The village Koroneia is situated at the northern foot of the Helicon Mountains. It is 11 km southeast of Livadeia.

==Population history==

| Year | Population community | Population municipal unit |
|---|---|---|
| 1991 | 899 | - |
| 2001 | 597 | 4,625 |
| 2011 | 386 | 3,170 |
| 2021 | 277 | 2,609 |

==History==

Koroneia was named after the ancient town Coronea or Coroneia (Κορώνεια). According to tradition, the ancient town was founded by Coronus, son of Thersander and brother of Haliartus. It was also said to have been founded by Boeotians from the town Arne in Thessaly.

In the Battle of Coronea (447 BC), Athenian forces under Tolmides were defeated by the Boeotians.

In the Battle of Coronea (394 BC) a force of Spartans and their allies under King Agesilaus II — Xenophon being with him — defeated a force of Thebans and Argives.

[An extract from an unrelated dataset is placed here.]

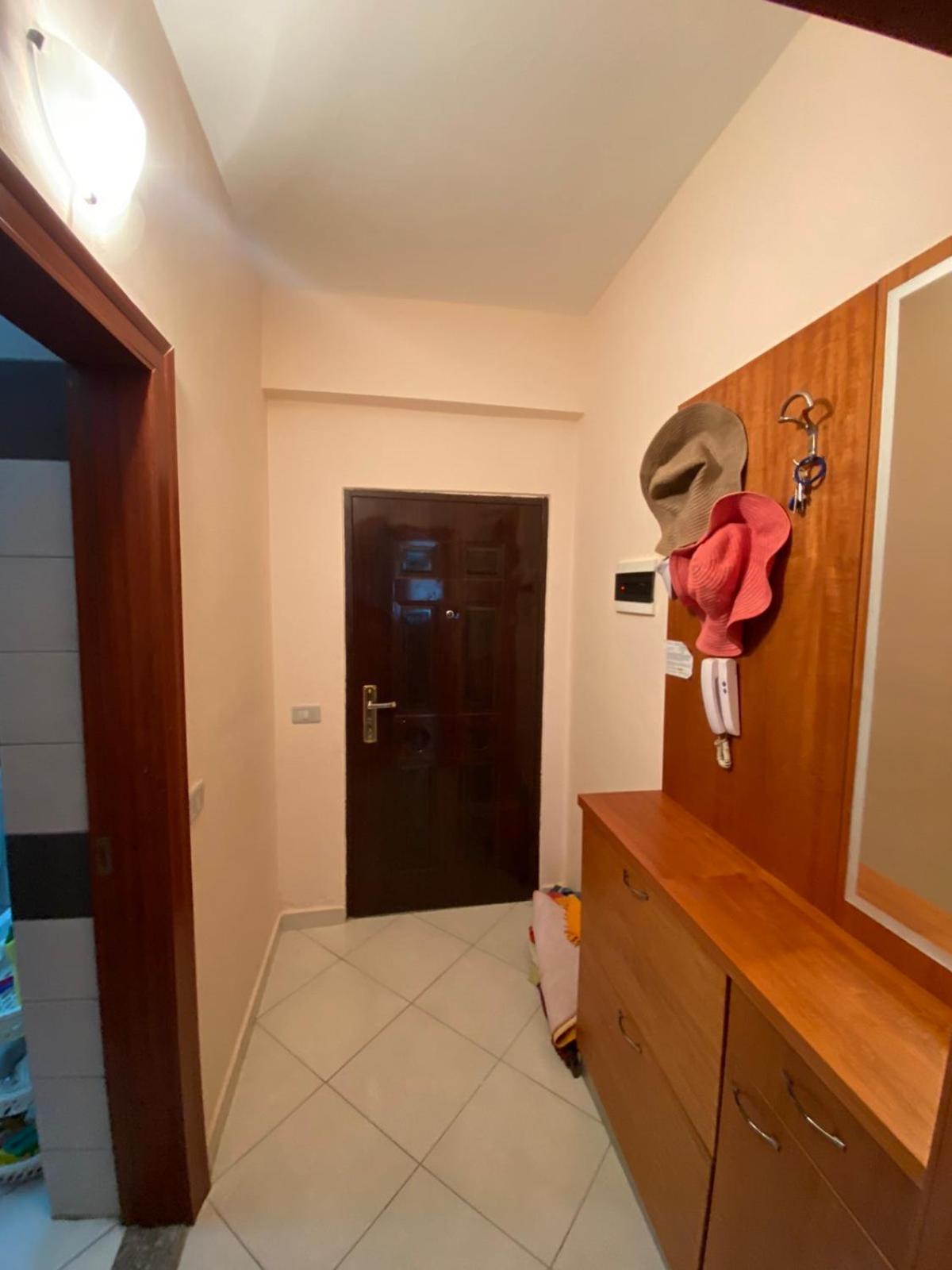 Vlora Lungomare Apartment, above Bar Bonaparte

In the Third Sacred War (356 BC–346 BC) Coronea was twice taken by the Phocians under Onomarchus. Pausanias, who travelled through the area in the second century AD, found an altar of Hermes Epimelius and an altar to the winds in the market place of Coronea. A little lower down was a sanctuary of Hera.

The only historically identifiable bishops of Coronea are Agathocles, who took part in the Council of Ephesus in 431 BC, and Aphobius, who was a signatory of the joint letter sent by the bishops of the Roman province to which Coronea belonged to Byzantine Emperor Leo I the Thracian in 458 BC concerning the killing of Proterius of Alexandra. No longer a residential bishopric, Coronea is today listed by the Catholic Church as a titular see.

The village Koutoumoulas was first mentioned in 1756. After the Greek War of Independence, the village was the seat of a short-lived (1835-1840) municipality Koroneia. Between 1840 and 1912 it was the seat of the municipality Petra. In 1912, Koutoumoulas became an independent community, which was renamed to Koroneia in 1915. This community became part of the larger municipality Koroneia in 1997, which became part of the municipality of Livadeia in 2010.